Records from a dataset

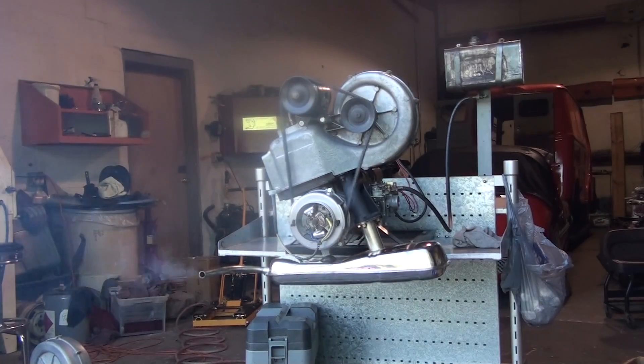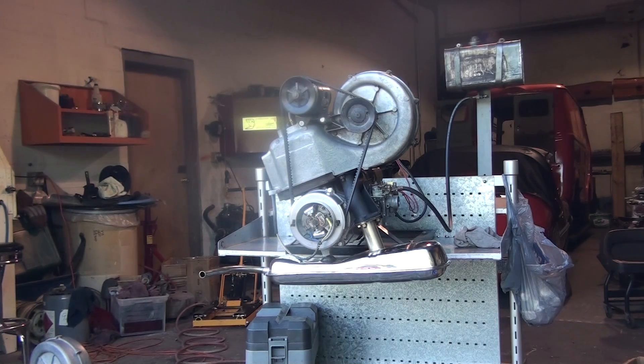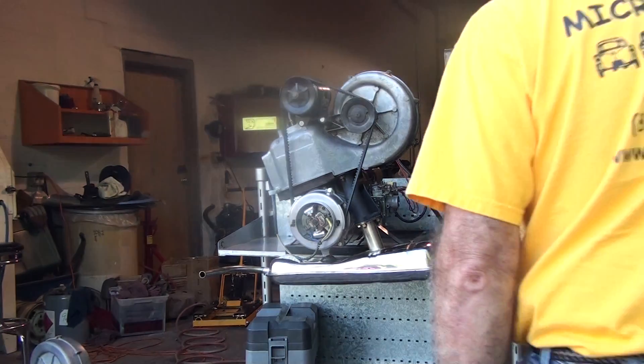This is running on our test stand. It's cold, so it will not idle extremely well until the motor heats up — it will probably die. Once the motor does heat up it comes to a nice idle. The motor seems to be okay. The noises you hear are the aluminum test stand, which makes everything seem a lot louder. I will restart the engine.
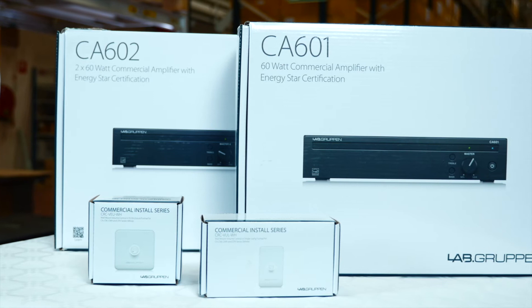My name is Henrik Wikner and I'm a software engineer at LabGruppen. Today I'd like to talk about the newly released commercial installed CA series.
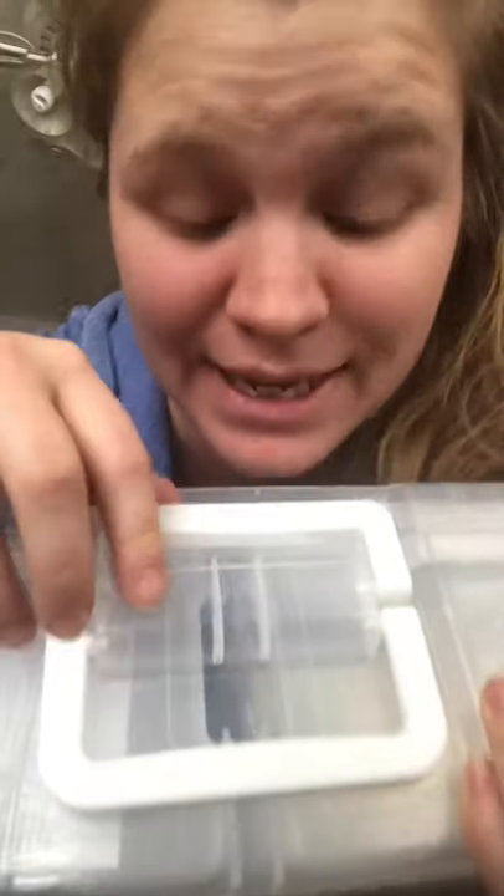One thing I really like are the handles. You can keep it locked with this one and still carry it like a briefcase. I've been using this system for three or four years now and I really love it. I actually use the same system for card games and stuff too, so I own probably six of these bad boys.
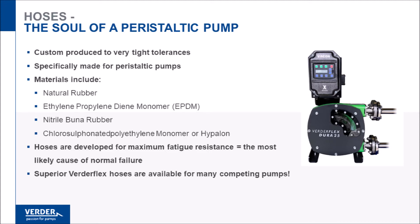VertiFlex hoses are engineered for maximum fatigue resistance, thus providing longer life. VertiFlex hoses are also available for many competing hose pump brands.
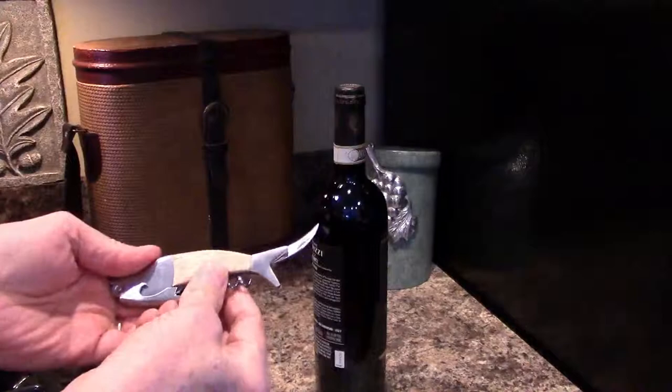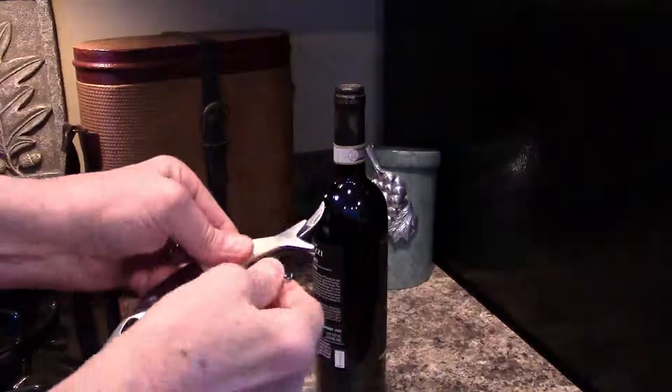On one end it has an extra-long foil cutting knife with serrated blade to easily cut through the foil or plastic. On the other end is a stainless steel bottle opener with pronounced teeth to open that bottle first time and every time.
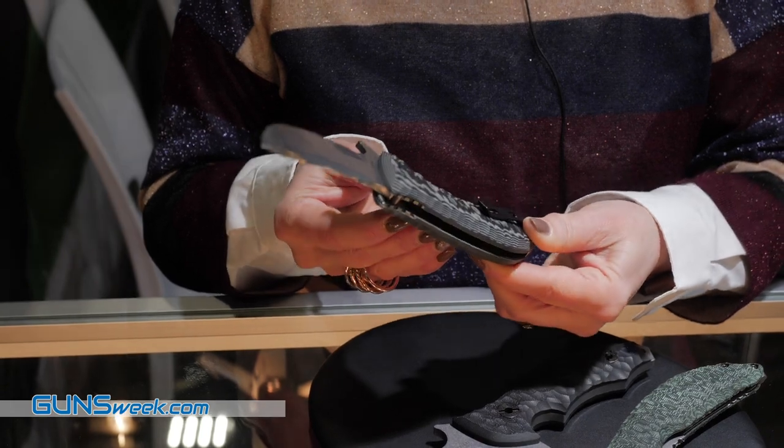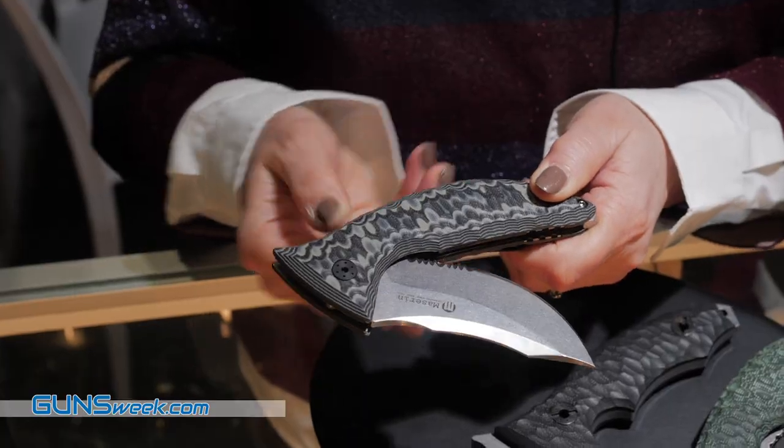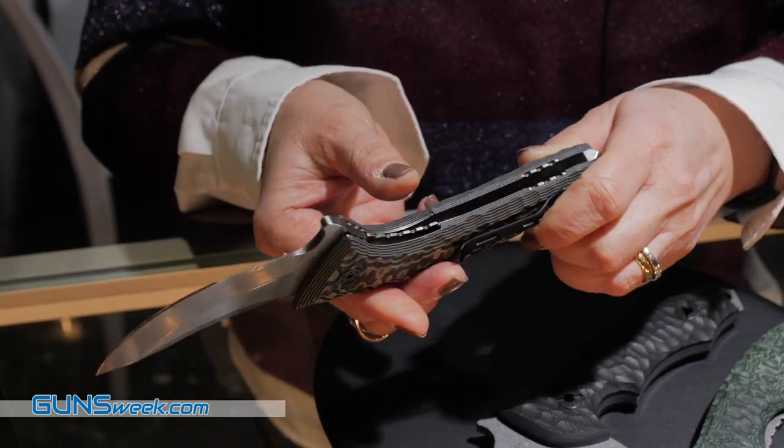This is the folding one with the steel N6090 for the folding knife and G10 for the handles, and D2 for the fixed blade. We have three different colors: black, grey, and green.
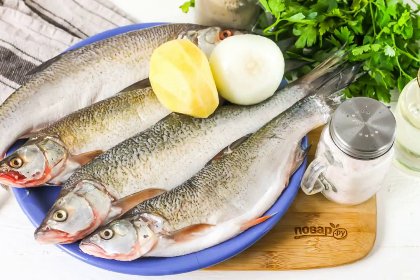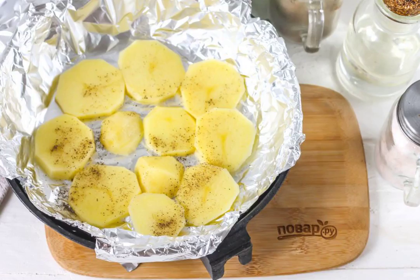Peel the vegetables and rinse them. Cut the potatoes into small circles. Put the foil in the mold and lubricate it with vegetable oil. Put potato slices on the foil — the vegetables act as a cushion so the skin of the carcasses does not stick, placing them on top and bottom. Season the sliced potatoes with salt and pepper.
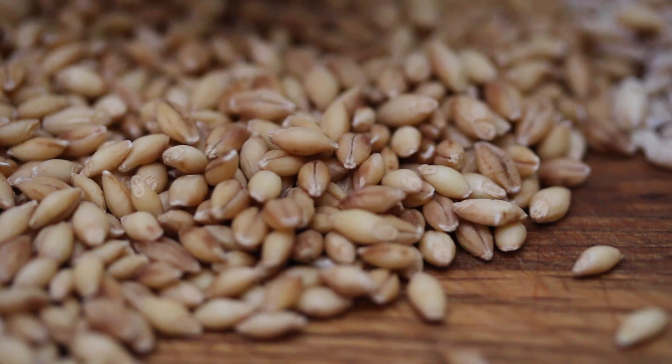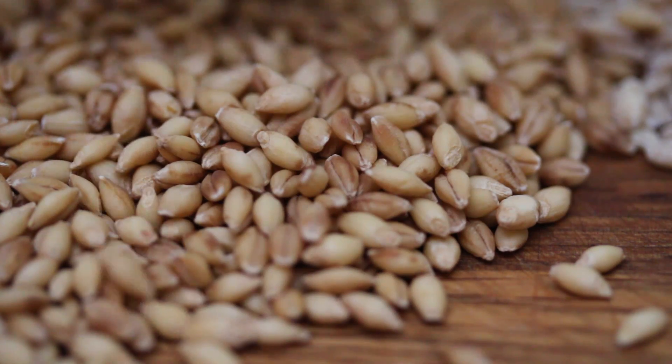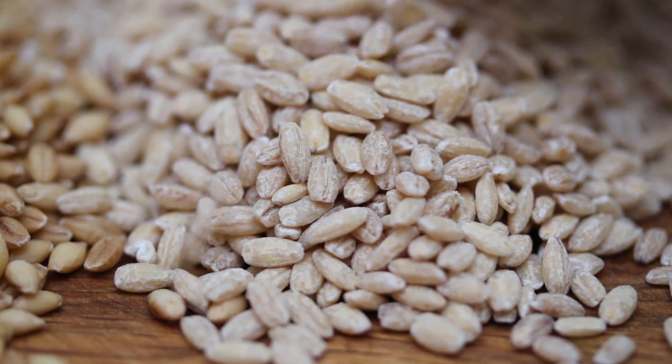Hulless Barley has had the hull removed but still has the bran and the germ on the barley. Pearl Barley has been sort of sandblasted, if you will, and that outer bran layer has been completely removed.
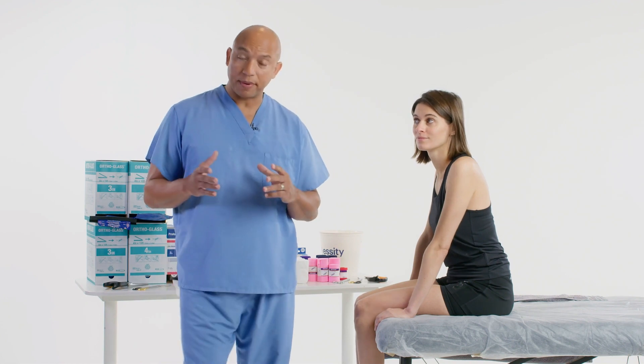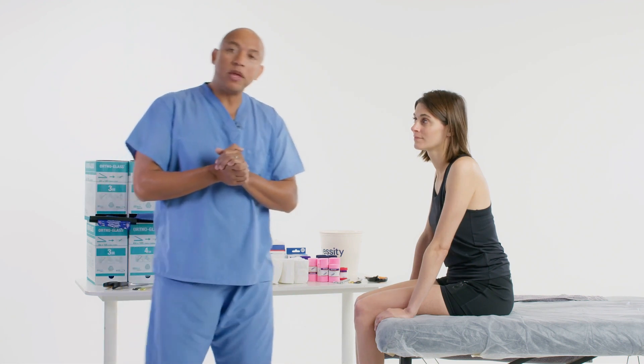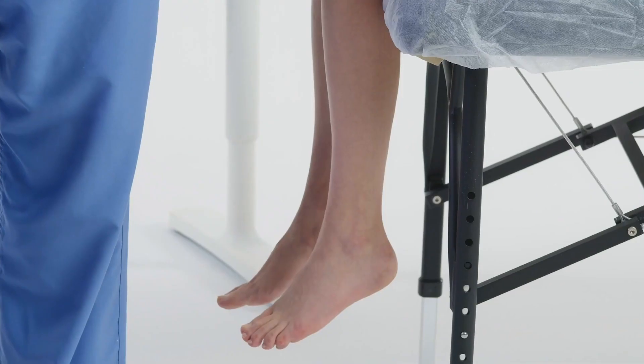Welcome to Delta Cast tutorials. Today I'll be applying a posterior splint with a medial lateral stirrup. Some people may call it an L and a U, some people may even call it just a slab on the posterior of the extremity and then a stirrup. We're going to use ortho glass, but we need to pay attention to two factors: the injury and positioning. The injury is going to be concentrated in the ankle area.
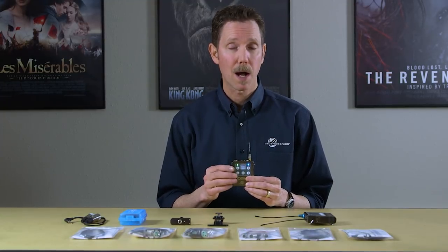Hi, Carl Winkler here at Lectrosonics. In this video, I'll give you an overview of the DCHT stereo digital transmitter. The DCHT was designed with two different applications in mind: as a camera hop transmitter and as a portable transmitter for the Duet IEM IFB system.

| Work required |
Please leave out the pictures as you reproduce the lines exactly, from the first line of the entries through the line containing "Hulless Barley has".

| Problem solution |
This is running on our test stand. It's cold, so it will not idle extremely well until the motor heats up — it will probably die. Once the motor does heat up it comes to a nice idle. The motor seems to be okay. The noises you hear are the aluminum test stand, which makes everything seem a lot louder. I will restart the engine.
My name is Henrik Wikner and I'm a software engineer at LabGruppen. Today I'd like to talk about the newly released commercial installed CA series.
One thing I really like are the handles. You can keep it locked with this one and still carry it like a briefcase. I've been using this system for three or four years now and I really love it. I actually use the same system for card games and stuff too, so I own probably six of these bad boys.
VertiFlex hoses are engineered for maximum fatigue resistance, thus providing longer life. VertiFlex hoses are also available for many competing hose pump brands.
On one end it has an extra-long foil cutting knife with serrated blade to easily cut through the foil or plastic. On the other end is a stainless steel bottle opener with pronounced teeth to open that bottle first time and every time.
This is the folding one with the steel N6090 for the folding knife and G10 for the handles, and D2 for the fixed blade. We have three different colors: black, grey, and green.
Peel the vegetables and rinse them. Cut the potatoes into small circles. Put the foil in the mold and lubricate it with vegetable oil. Put potato slices on the foil — the vegetables act as a cushion so the skin of the carcasses does not stick, placing them on top and bottom. Season the sliced potatoes with salt and pepper.
Hulless Barley has had the hull removed but still has the bran and the germ on the barley. Pearl Barley has been sort of sandblasted, if you will, and that outer bran layer has been completely removed.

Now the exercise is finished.